At about 7 p.m. Sunday, Rep. Cecil Brown, D-Jackson, who previously served as the state's fiscal officer and one of the members McCoy appointed to study the complex scheme, said a majority of the House had indicated they wanted more time to study the plan. Brown said House leaders simply had not been able to talk to enough experts on a Sunday.
He said he was not ruling out that the borrowing scheme might be the best alternative but said it needed to be taken up during the week when the financial markets were open and more information could be obtained. Brown said he could not even ascertain Sunday whether selling $20 million annually for 20 years would generate enough money to solve Medicaid's woes.

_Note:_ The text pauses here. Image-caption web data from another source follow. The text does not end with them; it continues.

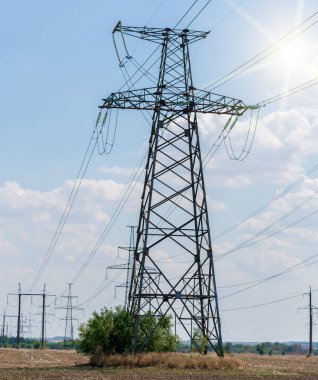 Akşamki elektrik iletim kulesinin silueti. Bir enerji santralinden bir şehre güç aktarımı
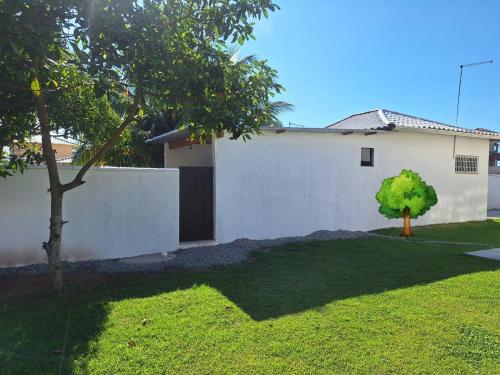 una casa bianca con un albero nel cortile di Bangalô MAR & SOL a Saquarema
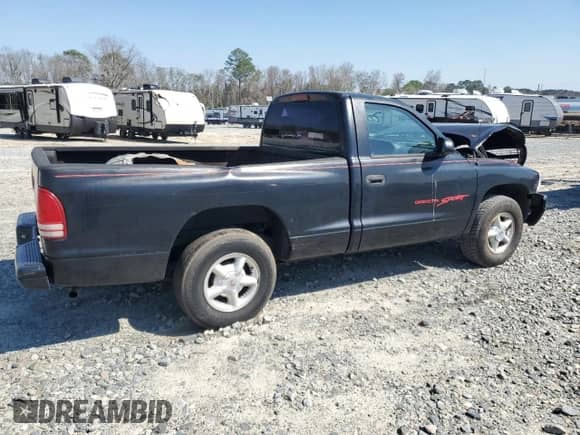 1997 Dodge Dakota с VIN 1B7FL26X0VS281035, выставлен на аукционе Copart как лот 49687855 с пробегом 267 422 миль миль и Списание • Salvage title. История ставок и продаж доступна на DreamBid. Изображение 3.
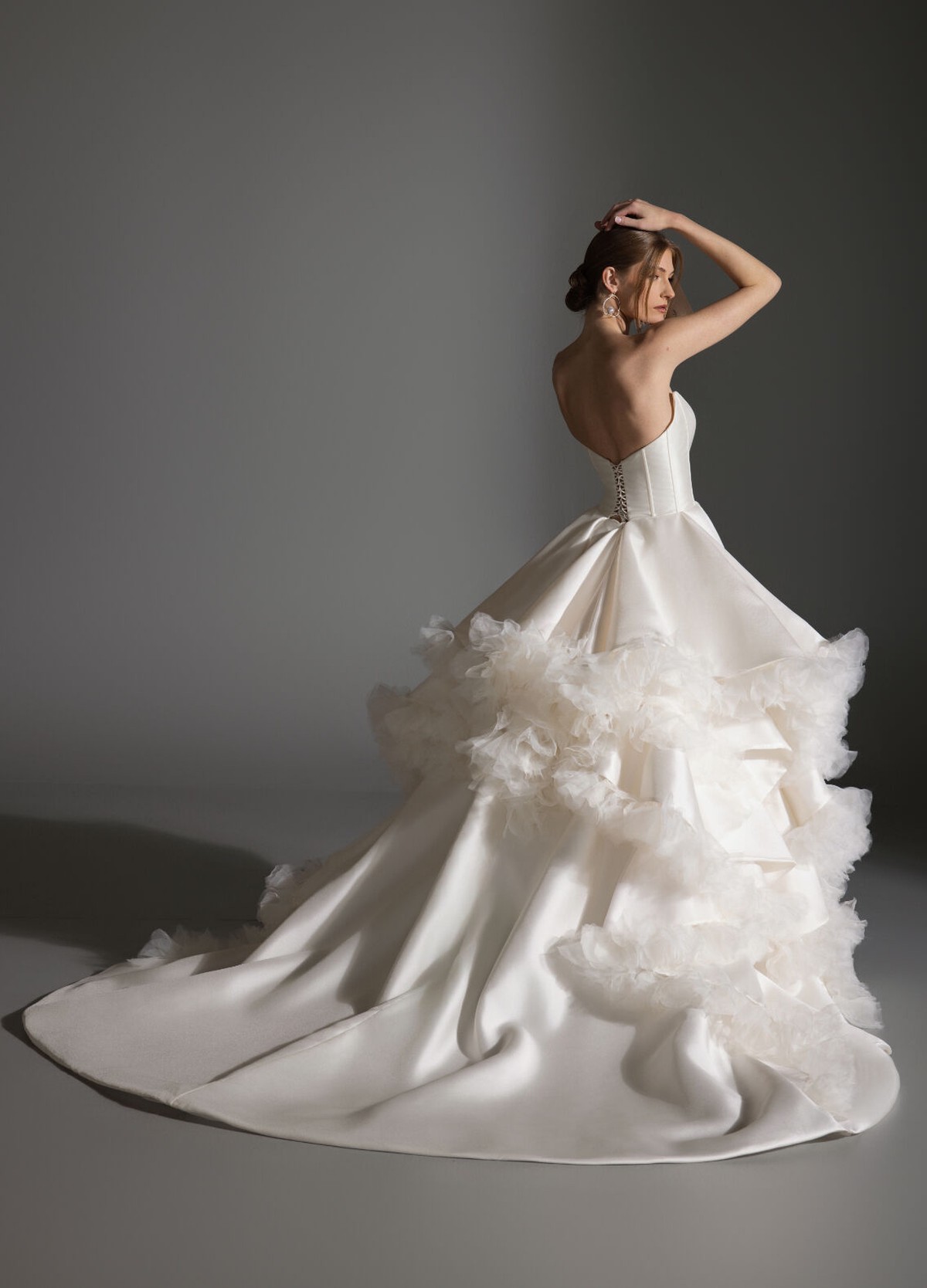 APRIL bridal dress back view featuring lace-up detail and cascading petal embellishments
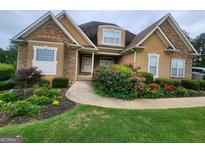 Two-story house with stone accents and landscaped yard at 1995 Evergreen Se Dr, Conyers, GA 30013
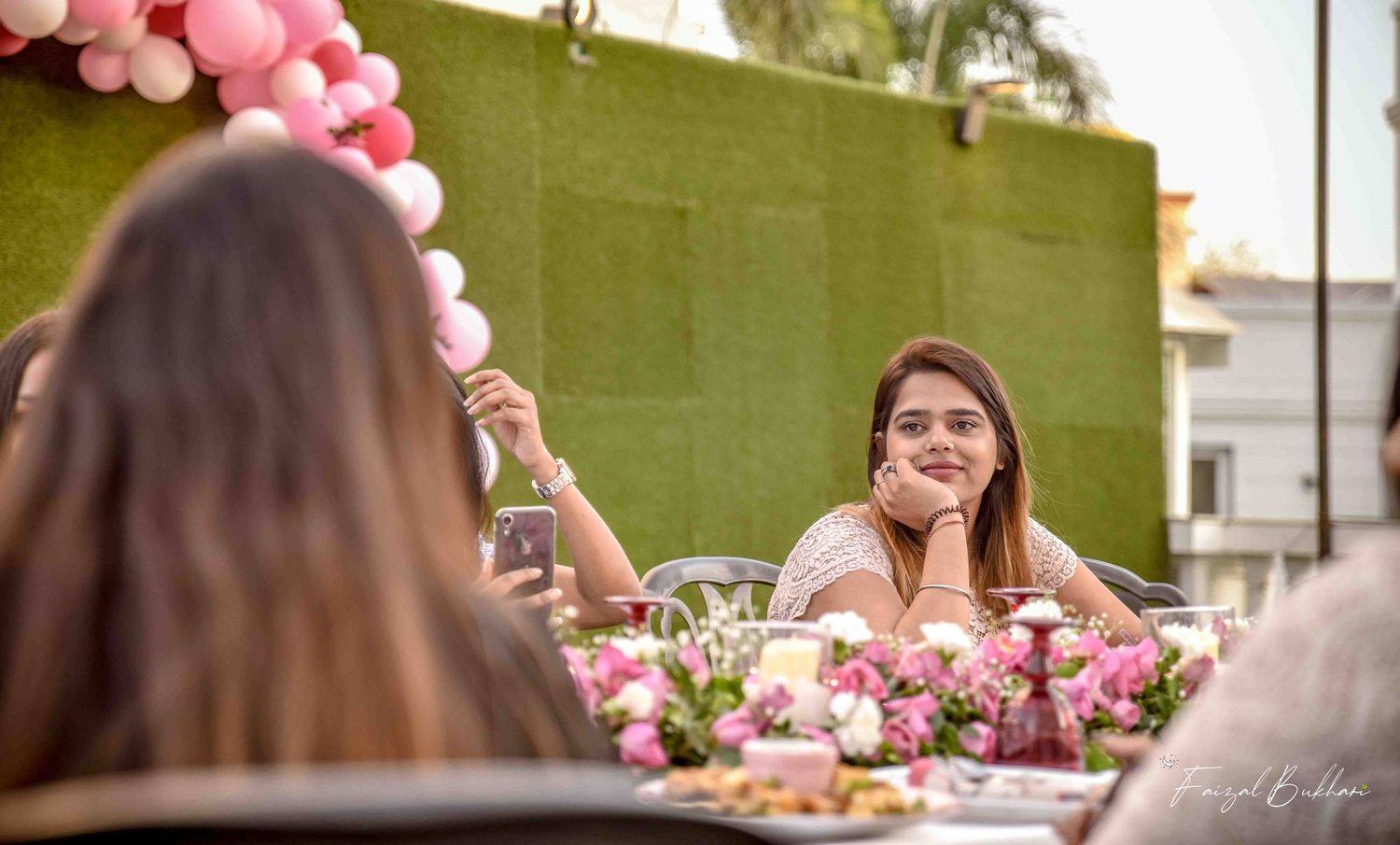 Happy woman resting chin on hand at pink balloon-decorated outdoor bridal party table.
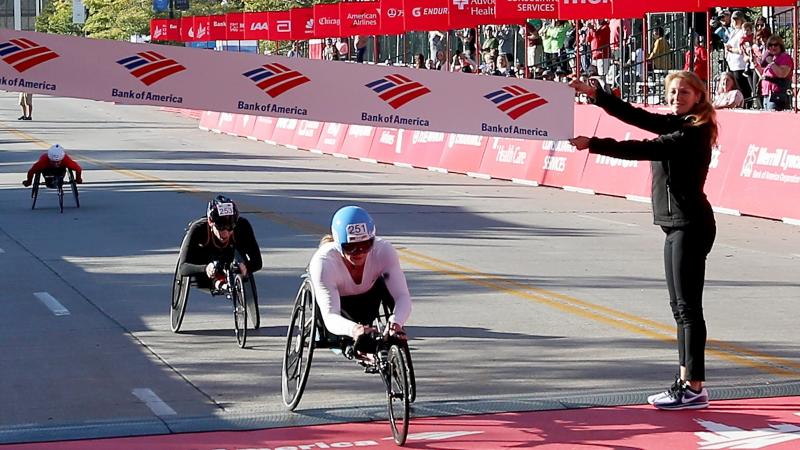 a female wheelchair racer crosses the finish line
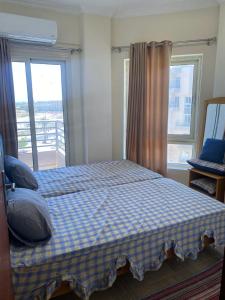ein Schlafzimmer mit einem Bett mit einer karierten Decke in der Unterkunft Princess resort 307 in Hurghada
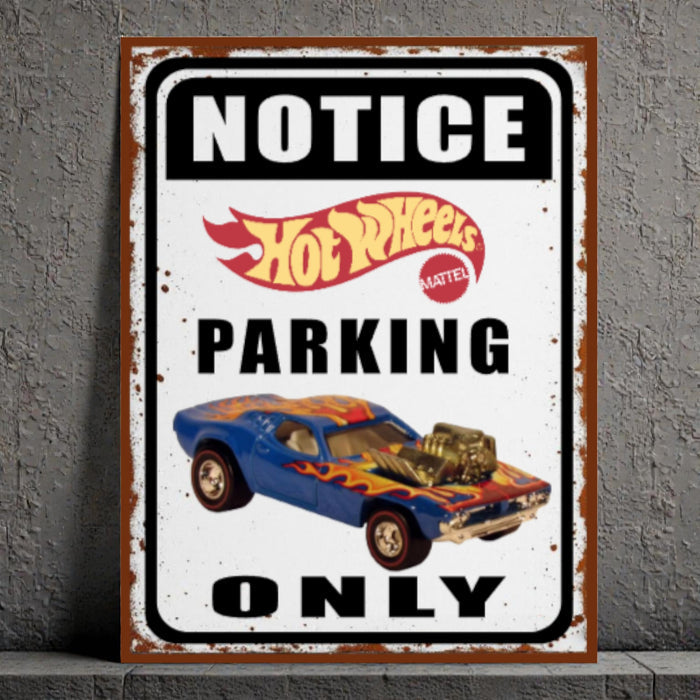Vintage-style 'Notice Hot Wheels Parking Only' sign with a classic car illustration on a gray wall.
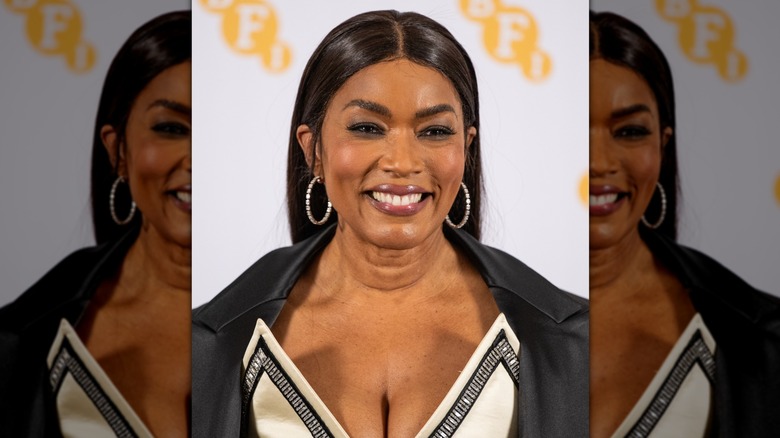 Gros plan d'Angela Bassett, souriante tout en portant un rouge à lèvres brillant aux tons baies lors d'un événement BFI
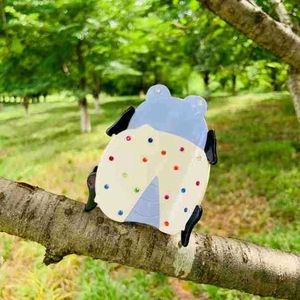 Détail d'une pince à cheveux coccinelle avec strass colorés sur une branche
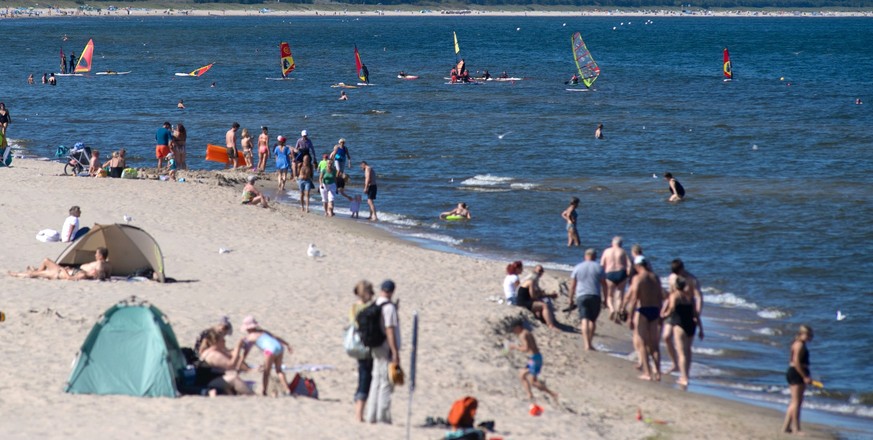 04.09.2023, Mecklenburg-Vorpommern, Zinnowitz: Touristen laufen bei sonnigem Wetter über der Strand oder gehen Baden. In den kommenden Tagen soll es laut Wetterdienst sonnig und warm werden. Foto: Ste ...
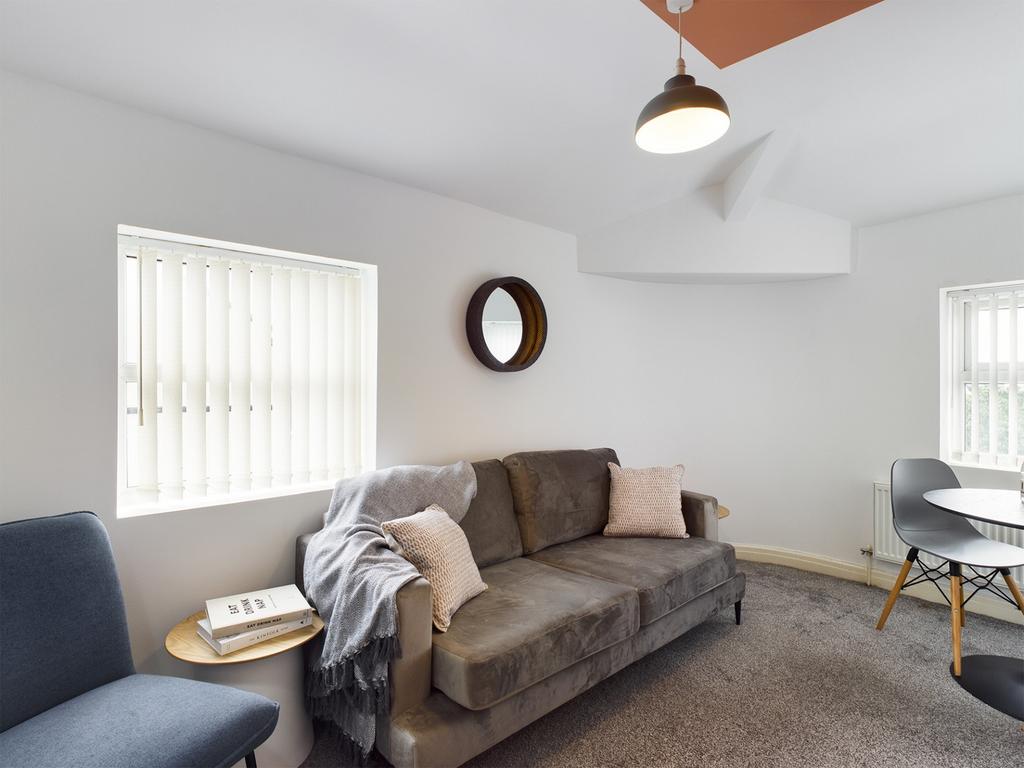 A bright and inviting living room with comforta...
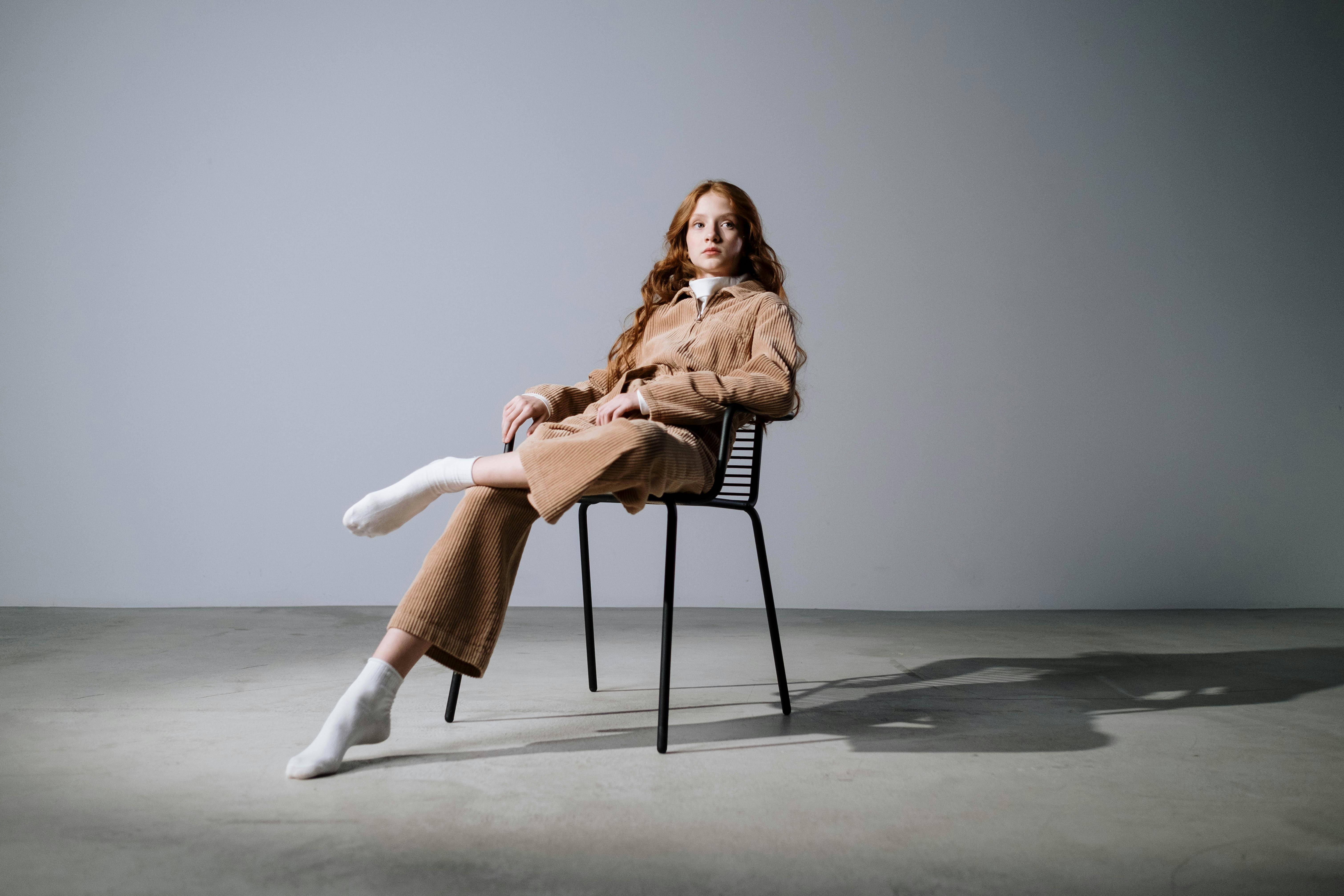 a woman sitting on the chair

“We are being asked to borrow $240 millions with a gun at our heads on a Sunday night,” Brown said. “I don't think that is being good stewards of taxpayer money.”
Not all pleased
Obviously, everyone was not happy with the House leadership's decision not to take up the plan.
Rep. Jerry Turner, R-Baldwyn, said he was disappointed the House did not take up the plan to borrow up to $240 million right now that would be paid back over 20 years at a cost of $400 million.
“I feel comfortable with it,” Turner said of the borrowing plan.
But Sen. Hob Bryan, D-Amory, said the House offered a solution to the current Medicaid crisis and that the borrowing plan was bad policy.
If the plan passes “20 years from now our children – or someone's children – will be paying for Medicaid services provided in calendar year 2005,” Bryan said.
At the end of a long day, the House voted instead to essentially borrow from itself, taking money from the trust fund, but repaying it over seven years. And the Senate concurred.
Rep. Billy Denny, R-Jackson, questioned whether the money would ever be repaid.